Find the line that holds "Benner Bay tide", then repeat it and each line below it word for word through the end of the listing, leaving out pictures.

Records supplied:
BEGIN

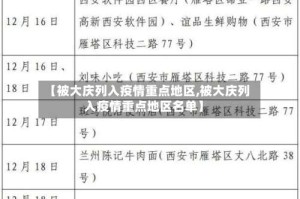 【被大庆列入疫情重点地区,被大庆列入疫情重点地区名单】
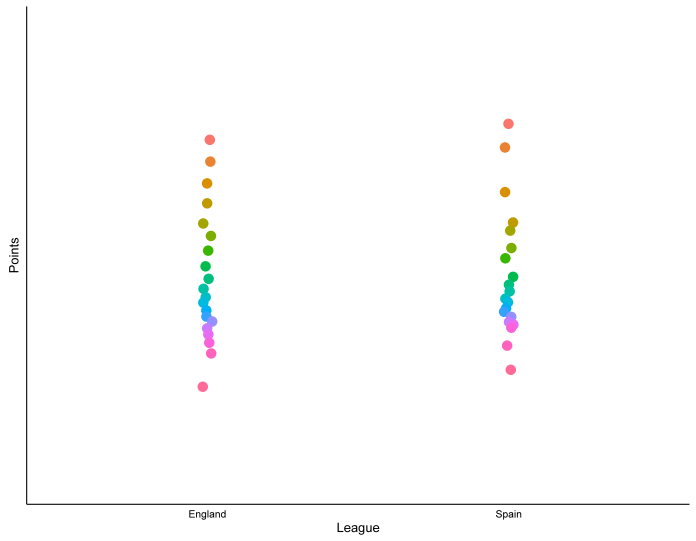 Mean league points per position no lines leagues last 11 years classic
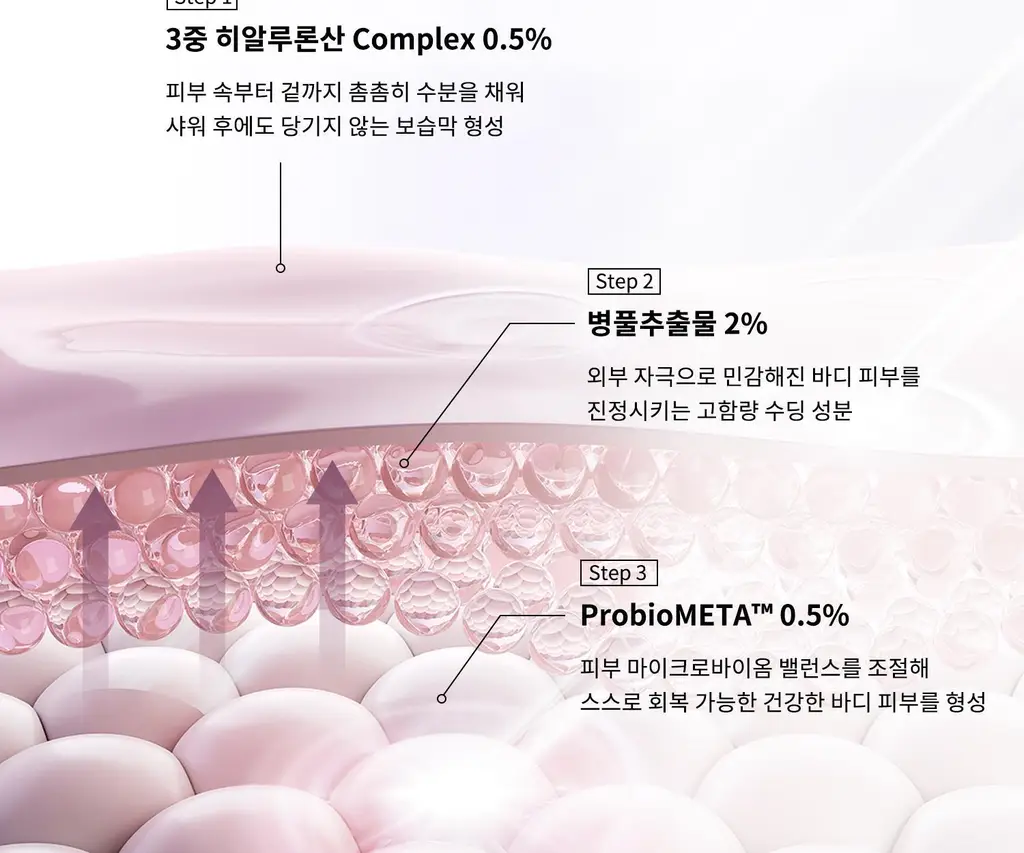 [탄력/목주름 개선] 힐그리즈 레티노이드 0.1% 퍼밍 바디 세럼 150ml 상세페이지 32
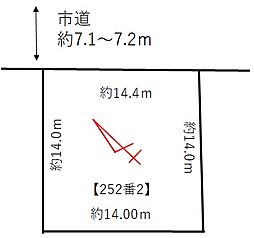 物件画像 新田1丁目売土地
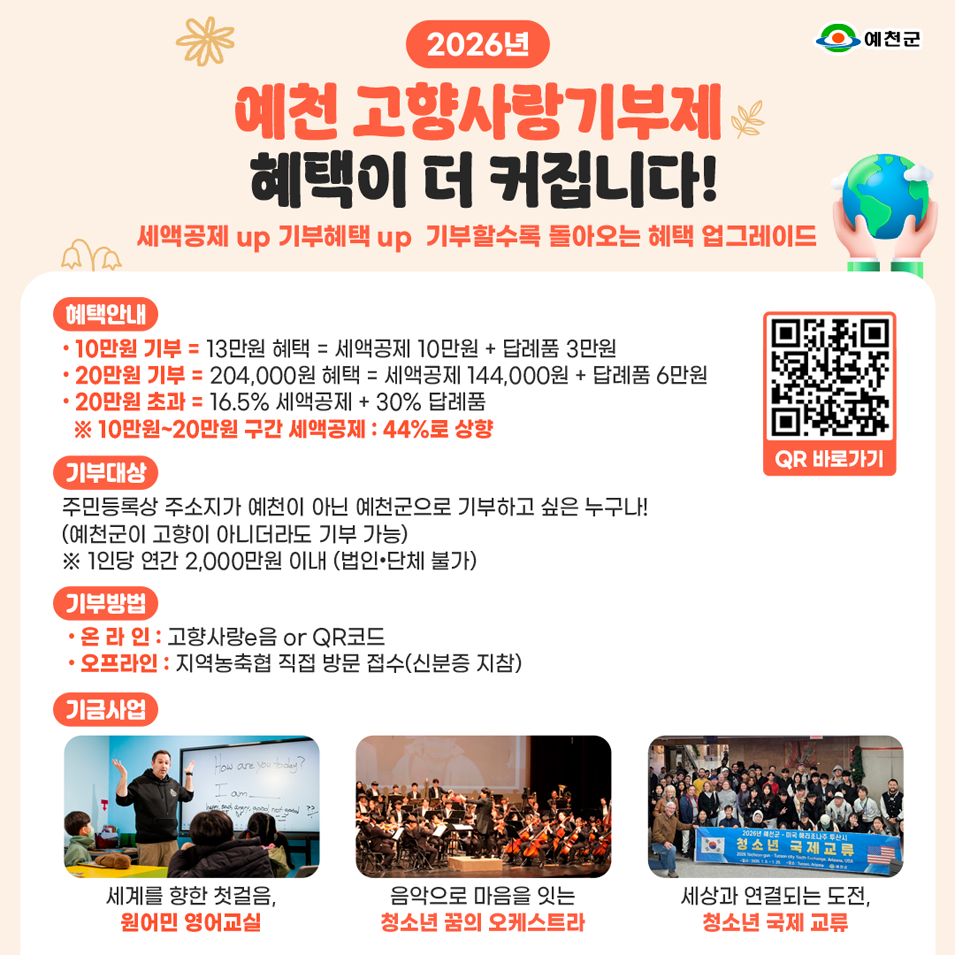 2026년 예천 고향사랑기부제 혜택이 더 커집니다! 세액공제 up 기부혜택 up 기부할수록 돌아오는 혜택 업그레이드. 혜택안내 - 10만원 기부 = 13만원 혜택 = 세액공제 10만원 + 답례품 3만원, 20만원 기부 = 204,000원 혜택 = 세액공제 144,000원 + 답례품 6만원, 20만원 초과 = 16.5% 세액공제 + 30% 답례품 ※10만원 ~ 20만원 구간 세액공제 : 44% 로 상향. 기부대상 - 주민등록상 주소지가 예천이 아닌 예천군으로 기부하고 싶은 누구나!(예천군이 고향이 아니더라도 기부 가능) ※ 1인당 연간 2,000만원 이내(법인·단체 불가). 기부방법 - 온라인 : 고향사랑e음 or QR코드, 오프라인 : 지역농축협 직접 방문 접수(신분증 지참). 기금사업 - 세계를 향한 첫걸음, 원어민 영어교실, 음악으로 마음을 잇는 청소년 꿈의 오케스트라, 세상과 연결되는 도전, 청소년 국제 교류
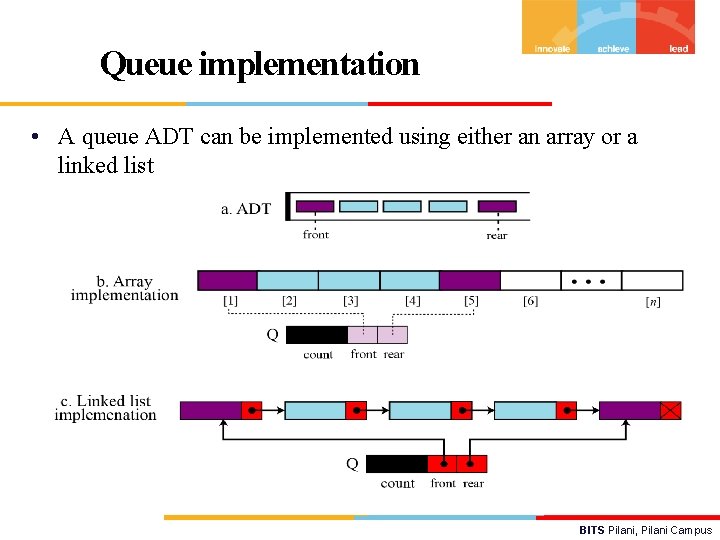 Queue implementation • A queue ADT can be implemented using either an array or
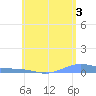 Benner Bay tide chart for Monday, June 3, 2024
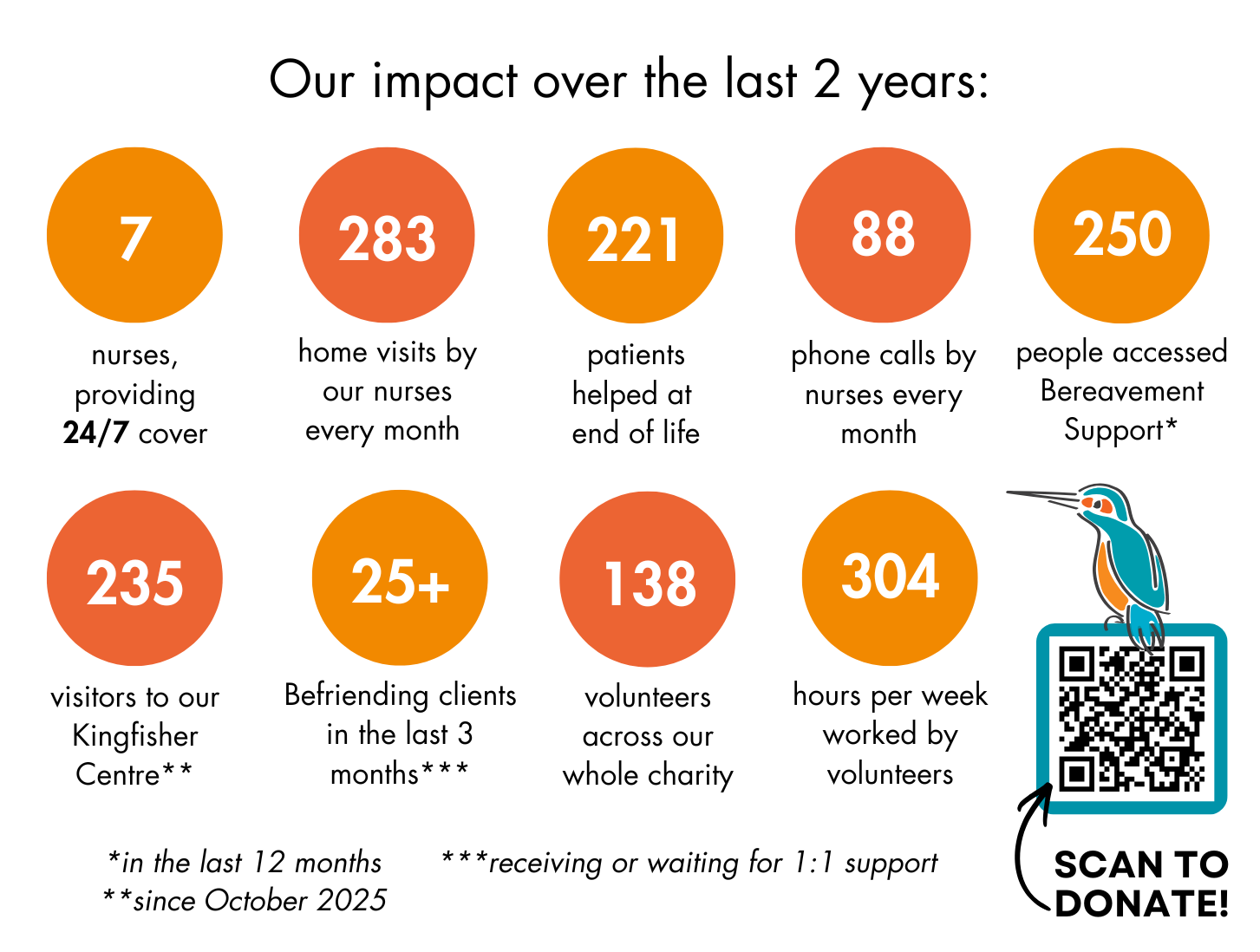 Our Impact Infographic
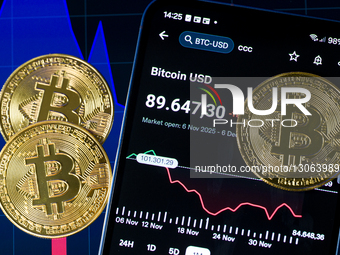 Bitcoin - BTC- USD  - Photo Illustration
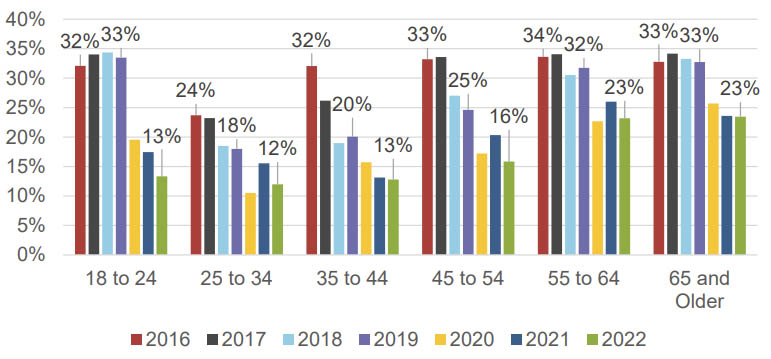 Graph showing the shares of cash use by age group from 2016 to 2022.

END

Problem solution:
 Benner Bay tide chart for Monday, June 3, 2024
 Our Impact Infographic
 Bitcoin - BTC- USD  - Photo Illustration
 Graph showing the shares of cash use by age group from 2016 to 2022.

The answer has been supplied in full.